Over in Harwich, what you’re really looking for is a ‘Redoubt’. Landguard’s got a similar sort of
circular Napoleonic set-up, but it’s hiding inside the bastioned walls of a pentagon. The south coast’s Eastbourne and Dymchurch have one, and there’s a certain resemblance between these defensive 360° cover fortifications and ‘Pitt’s Pork Pies’, the 104 Martello towers built at the start of the 19th century when Britain was at war with France.
‘Landguard Fort is one massive maze of barrack rooms and batteries’
Follow the signs to an unsuspecting spot with prime views over the harbour entrance. Surrounded by a deep moat, Harwich’s fort sits firmly embedded into a hilltop, brought back from the brink by an entirely volunteer workforce. The first floor delivers views across the waters and down into the great 60m diameter circle where 18 ‘casemates’ once housed 300 soldiers, their stores and ammunition.
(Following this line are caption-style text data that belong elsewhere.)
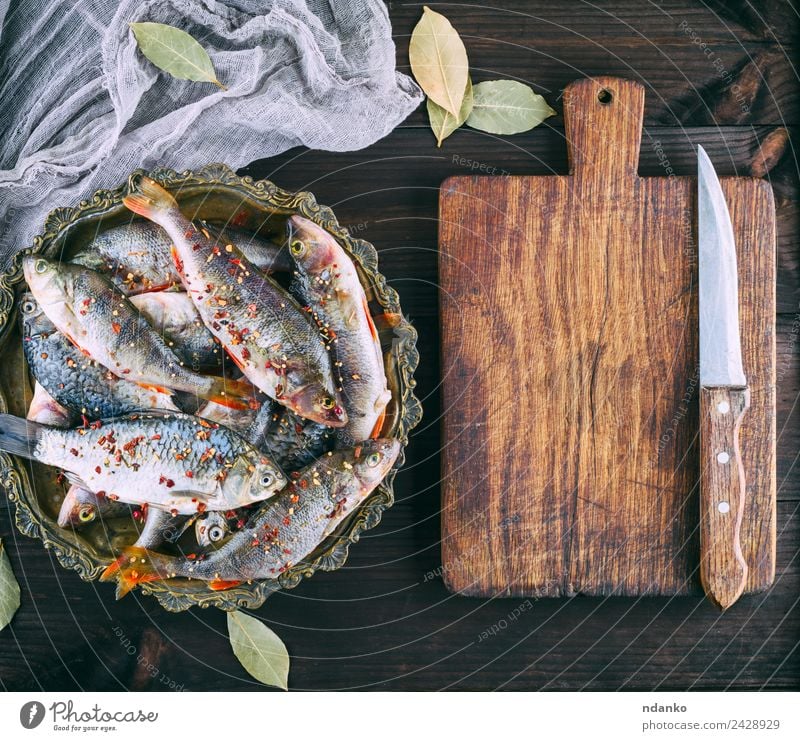 Flussfischbarsch und Karausche Fisch Meeresfrüchte Kräuter & Gewürze Ernährung Abendessen Diät Teller Messer Tisch Tier Holz dunkel frisch oben retro braun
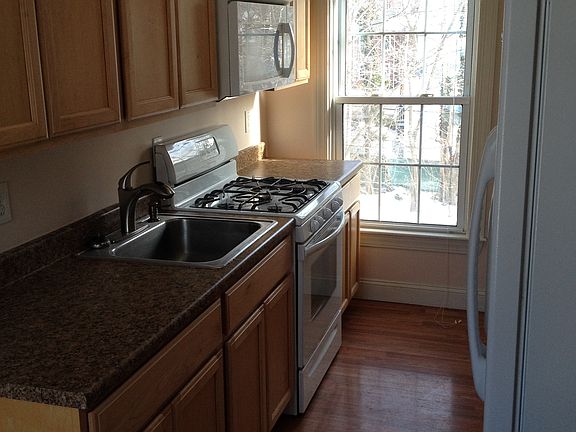 Eat-in Kitchen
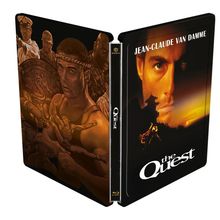 "JEAN-CLAUDE VAN DAMME" und "the Quest" auf einer Film-Klapphülle; Porträt, Kämpfer und asiatische Landschaft.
Below, the parade ground has been put to grass, smartly clipped and well turned-out, like the grey buildings and neatly painted railings surrounding it, but of the ten 24-pounder cannon which once graced the battlements, just the Gilbert Gun sits proudly back in place. “We think there are a couple more in the moat,” shares a kindly gentleman, “but we’ve been at it nearly 50 years and there’s still so much more to do.” He refers to the old barrack rooms that they’d like to fill with displays, but there’s already plenty to discover from maritime bygones to military memorabilia, not to mention the remarkable restoration story of a Napoleonic fort abandoned in the 1920s, ‘rediscovered’ and taken on by the Harwich Society in 1969 in reputedly the largest volunteer-led restoration project of an ancient monument.
Later, back on the Suffolk side, in comparison with Harwich’s bite-size Redoubt, Landguard Fort is one massive maze of barrack rooms and gun batteries, magazine tunnels and submarine mining history. Stairways and passages leading in every direction, through cavernous gunpowder stores and up to the King’s Bastion with its replica 38 ton muzzle loaded gun. When the Harwich fort was abandoned, Felixstowe continued to adapt and serve, throughout World War II and into the Cold War period. From two blockhouses in Henry VIII’s day to a formidable fort where 17th century predecessors of the Royal Marines defeated the Dutch under Capt Darrell in the last opposed invasion of England, Landguard Fort has always built on its history. Packed with fascinating explanations and exhibits, it’s a fort for a day out, but somehow only half the story.